_Instructions for the task_
Without the pictures, print the lines from the one holding "Today we are" through the last line below, both included, exactly as they stand.

_Data shown_
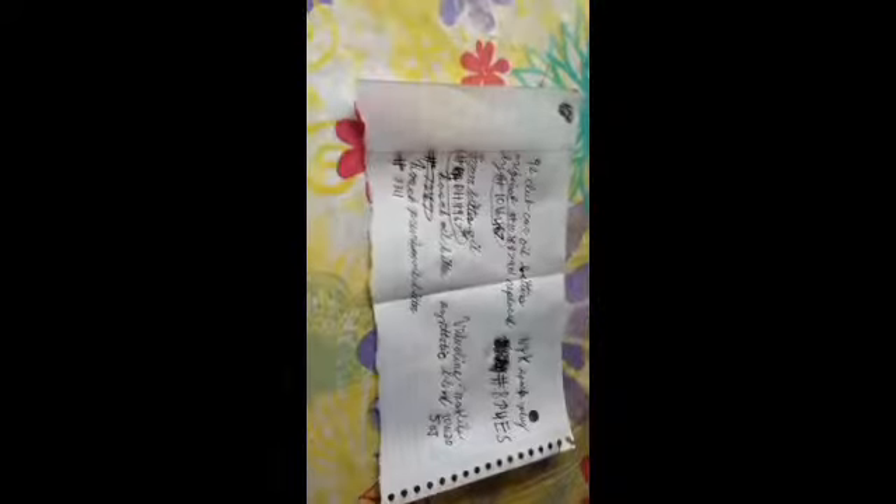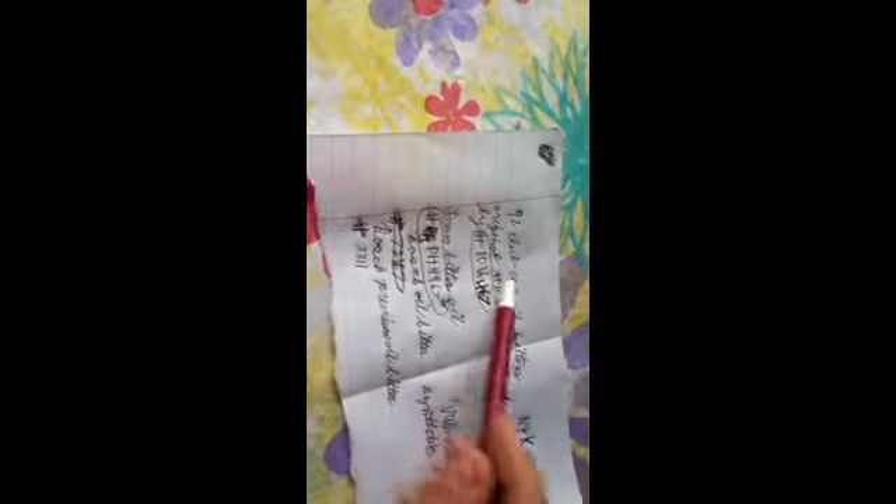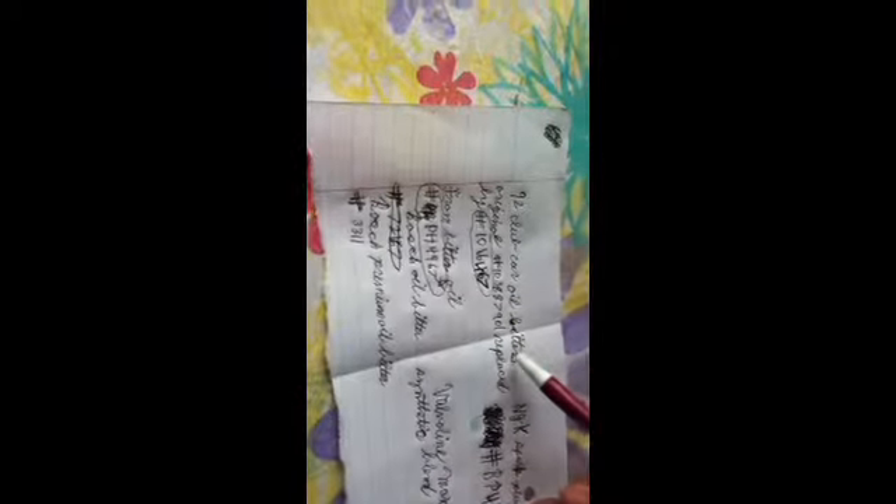I'm just going to tell you here what's for my '92 Club Car. The original oil filter number that I found on the internet was number 103887901. That was replaced by number 1016467.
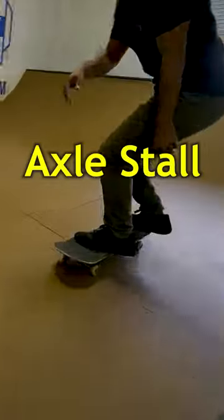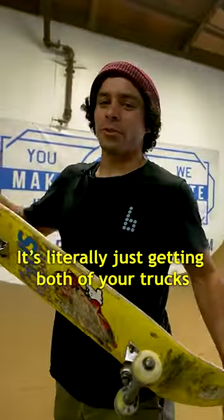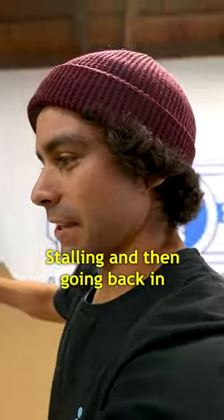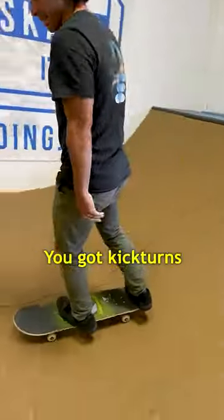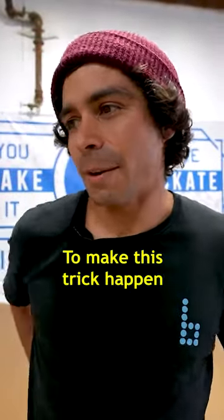Number 10: the axle stall. As you can see, it's literally just getting both of your trucks onto the coping, stalling, and then going back in. So you've got pumping, you've got kick turns, you know how to drop in — you kind of combine elements of those to make this trick happen.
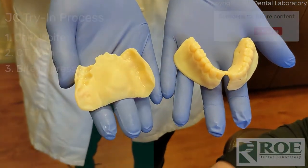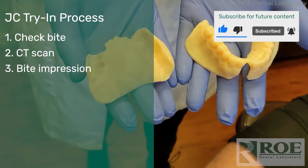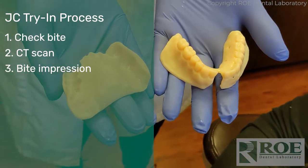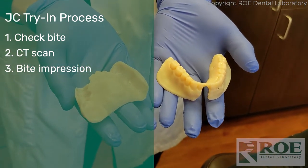Today we are going to try in a couple of scan appliances. We're going to try in the upper and the lower separately to make sure that they fit with no wobble, that they have a nice positive seat. Then we'll put both in and check the bite, and then we'll take a CT scan. So let's try in the upper first.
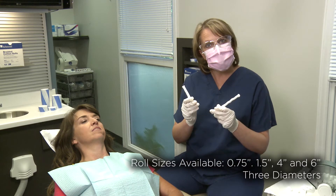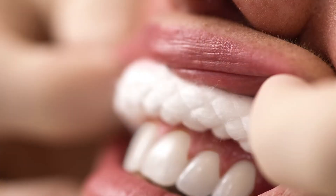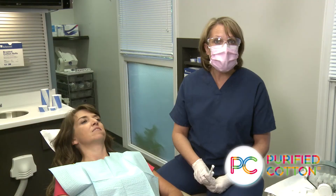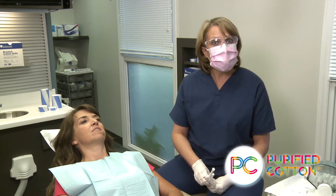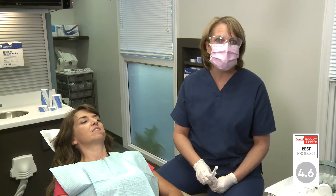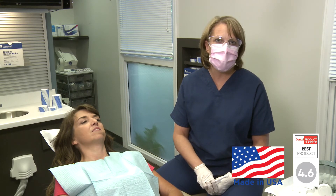We also offer a pediatric size. Richmond's unique four and six inch braided rolls are commonly used for bleaching as well as full arch reconstruction. Made of medical grade, purified cotton, Richmond's braided rolls receive the dental product shoppers Best Product Award and are proudly manufactured in the USA.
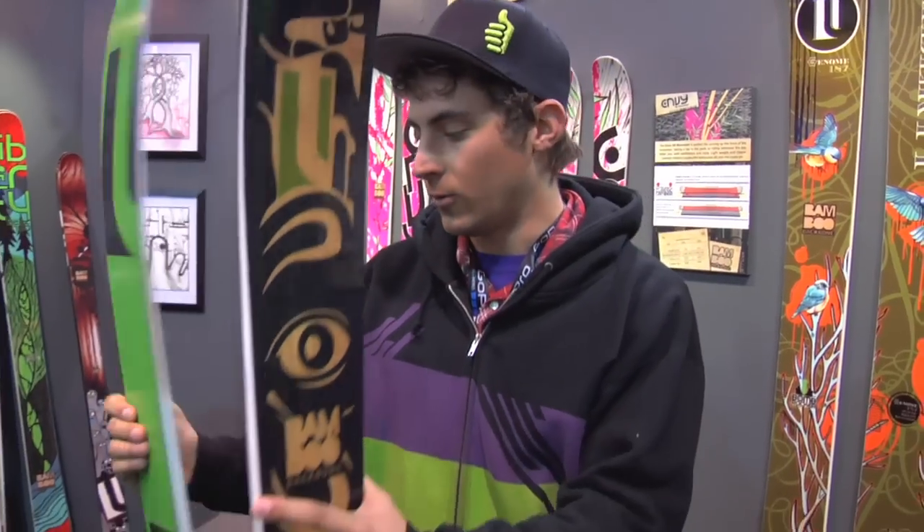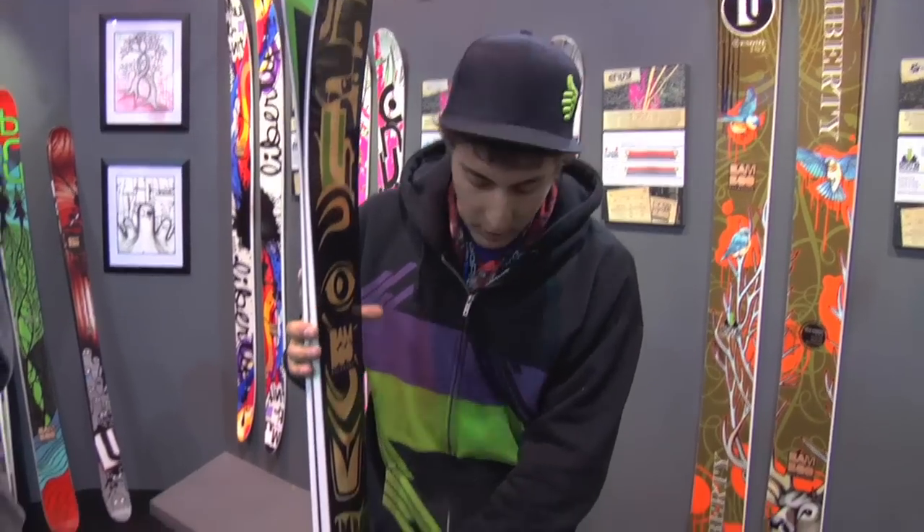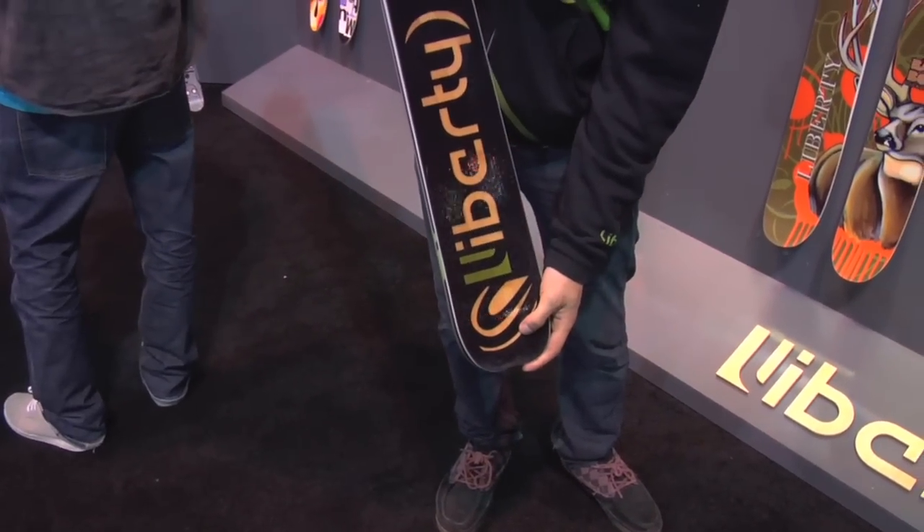It's our new big mountain, backcountry, still works on the frontside ski. It's 113 underfoot. We've got rocker in the tip, very very mellow camber underfoot, and then a flat tail with a spot for a skin for everyone that's getting into hiking this year.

_Answer section_
Today we are going to try in a couple of scan appliances. We're going to try in the upper and the lower separately to make sure that they fit with no wobble, that they have a nice positive seat. Then we'll put both in and check the bite, and then we'll take a CT scan. So let's try in the upper first.
We also offer a pediatric size. Richmond's unique four and six inch braided rolls are commonly used for bleaching as well as full arch reconstruction. Made of medical grade, purified cotton, Richmond's braided rolls receive the dental product shoppers Best Product Award and are proudly manufactured in the USA.
It's our new big mountain, backcountry, still works on the frontside ski. It's 113 underfoot. We've got rocker in the tip, very very mellow camber underfoot, and then a flat tail with a spot for a skin for everyone that's getting into hiking this year.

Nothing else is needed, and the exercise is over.